Formation of the British Army

The Land Special Operations Force (Land SOF or LSOF) is subordinate to Commander Field Army.

== Structure ==
The LSOF is commanded by a Major General and originally comprised 11th Brigade, 77 Brigade, and the Army Special Operations Brigade. 77 Brigade and HQ Army Special Operations Brigade were subsequently disbanded.

In a subsequent Freedom of Information response, the Ministry of Defence stated that LSOF comprises the following:

- 1st Battalion, Ranger Regiment
- 2nd Battalion, Ranger Regiment
- 3rd Battalion, Ranger Regiment
- 4th Battalion, Ranger Regiment
- Joint Counter Terrorism Training & Advisory Team
- 6 Military Intelligence Battalion
- 5 Information Warfare Battalion
- 101 Information Warfare Battalion
- Honourable Artillery Company
- 4/73 Battery Royal Artillery
- 255 Signal Squadron
- 235 Electronic Warfare Signal Squadron
- LSOF Deep Strike Squadron
- Land Special Operations Training Centre

== Dress and insignia ==

Personnel serving within LSOF wear the LSOF grey beret with their parent cap badge and the LSOF flash on the left shoulder. The insignia of their unit or parent brigade is worn on the right shoulder. The four Ranger battalions, JCTTAT and 255 Signal Squadron have unit-specific authorised tactical recognition flashes. RANGER-qualified personnel also wear the RANGER qualification badge.

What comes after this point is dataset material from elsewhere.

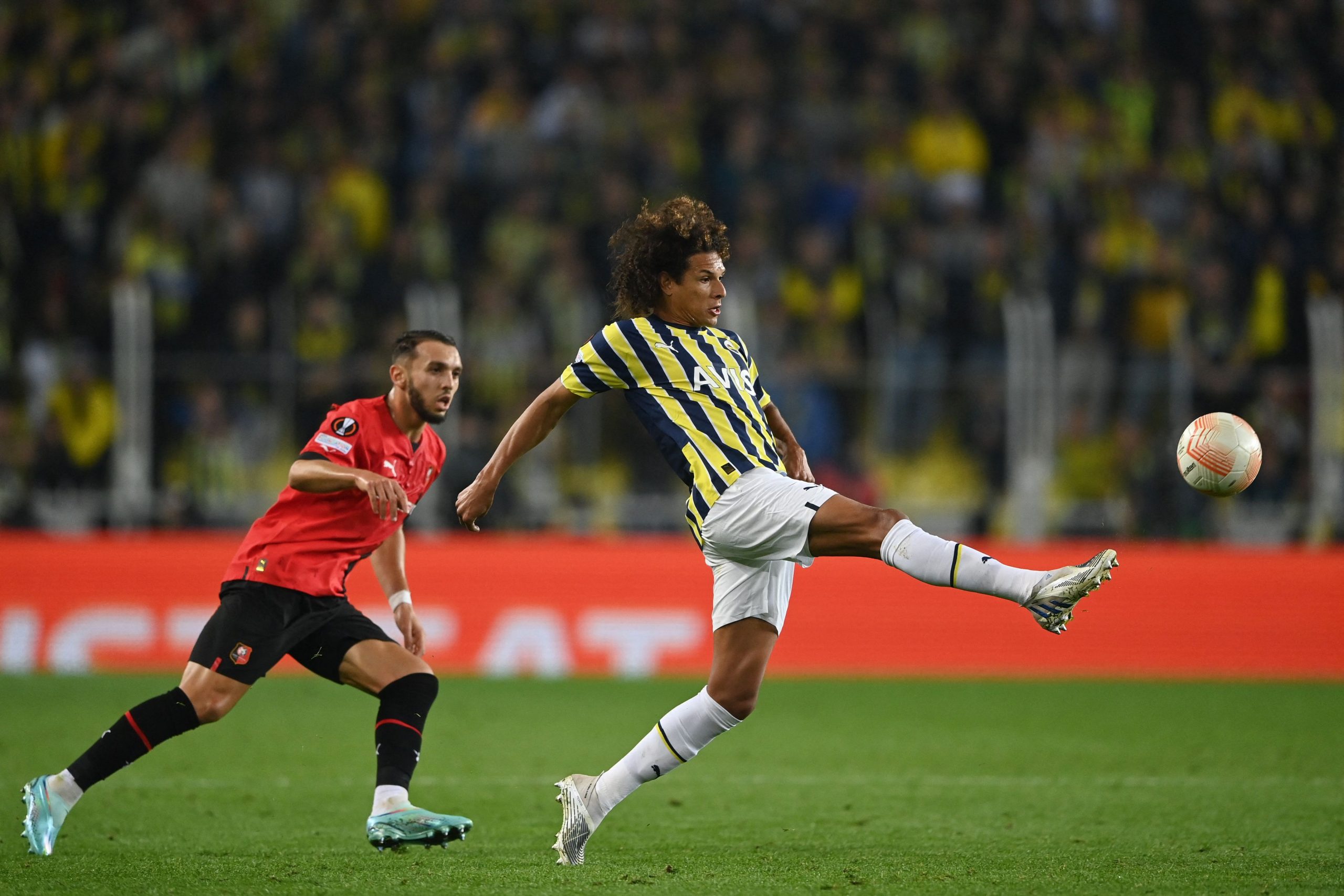 William Arão deixou o Fenerbahçe (Foto: OZAN KOSE | AFP via Getty Images)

As of September 2026, personnel of 5 Information Warfare Battalion and 101 Information Warfare Battalion who had completed the mandated initial trade training would be authorised to wear an Information Warfare badge. The Ministry of Defence stated that the design had not yet been formally endorsed, but that the intention was for it to become a new tactical recognition flash.